Note: Entry of orders is dealt with in Rule
39.32 of the
Federal Court Rules 2011
.
IN THE FEDERAL COURT OF AUSTRALIA
NEW SOUTH WALES DISTRICT REGISTRY
GENERAL DIVISION
NSD 438 of 2013
ON APPEAL FROM THE FEDERAL COURT OF AUSTRALIA
BETWEEN:
REBECCA RICHARDSON
Appellant
AND:
ORACLE CORPORATION AUSTRALIA PTY LTD (ACN 003 074 468)
First
Respondent
RANDOL TUCKER
Second
Respondent
JUDGES:
KENNY, BESANKO & PERRAM JJ
DATE:
27 OCTOBER 2014
PLACE:
SYDNEY
REASONS FOR JUDGMENT
THE COURT:
In
Richardson v Oracle Corporation Australia Pty Ltd
(2014) 312 ALR 285
this
Court determined that the Appellant was entitled to have the damages awarded to
her substantially increased from that which
she was awarded at trial. The trial
judge had awarded $18,000 but this Court increased the award to $130,000.
Two
questions now remain. First, should the Appellant also receive a sum for
pre-judgment interest. Secondly, should she have the
benefit of an indemnity
costs order on the basis of an offer of compromise served by her on 20 September
2010 in advance of the trial.
The Appellant offered to accept the sum of
$106,500 plus interest together with her costs as at that time as assessed or
agreed
in settlement of the case.
The
first issue may be shortly dealt with as the First Respondent (Oracle) does not
oppose the order sought.
Section 51A(1)
of the
Federal Court of Australia
Act 1976
(Cth) permits the Court to include in any judgment an amount for
interest between the time that the cause of action arose and the
date on which
the judgment is entered. The Appellant submits, and Oracle does not dispute,
that the appropriate figure for interest
is $31,572.24. Order 2(b) of the
orders made on 15 July 2014 will be varied accordingly.
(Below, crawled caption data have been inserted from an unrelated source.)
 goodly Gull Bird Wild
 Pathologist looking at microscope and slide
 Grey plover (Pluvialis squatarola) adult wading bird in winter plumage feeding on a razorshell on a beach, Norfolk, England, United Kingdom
We would make no order
as to costs with
respect to this issue.
As
to the second issue of indemnity costs the parties are in dispute. The
entitlement of the Appellant arises from an offer of compromise
served by her
solicitors on Oracle’s solicitors dated 20 September 2010. That offer was
in the following terms:
‘1. This is an offer of compromise made by the
Applicant pursuant to Order 23 of the
Federal Court
Rules
.
2. The
Applicant offers to compromise the whole of the proceedings by:
payment
by the Respondents to the Applicant of the sum of $106,500 plus interest;
and
payment
by the Respondents to the Applicant of the Applicant’s costs of this
proceeding as agreed between the parties or as
assessed.
3. This
offer is open for acceptance by the Respondents until the expiration of 14 days
from the date that it is made.’
The
trial was concluded on 1 November 2012 and judgment delivered on 20 February
2013. After the offer was made the
Federal Court Rules 1979
(Cth) were
repealed by the
Federal Court Rules 2011
(Cth) which came into force on 1
August 2011. There is a preliminary issue as to whether the current debate is
to be resolved under
the former or the new rules. The Court has the power under
the present rules to order that the former rules should apply: see r
1.04. In
this case, the parties’ consideration of the offer of compromise must have
taken place in a context where, at the
material times, they understood the
former rules applied. Regardless of whether those former rules applied we would
order them to
apply under r 1.04(3) for reasons given by the Full Court in
largely analogous circumstances in
Elecspess Pty Ltd v LED Technologies Pty
Ltd
[2013] FCAFC 116
;
(2013) 215 FCR 95
at 99-100
[11]
. We so order.
Order
23 of those former rules provides a regime in which a failure by a party to
accept an offer under that order could have costs
consequences if the party
making the offer subsequently achieved a superior outcome in the litigation.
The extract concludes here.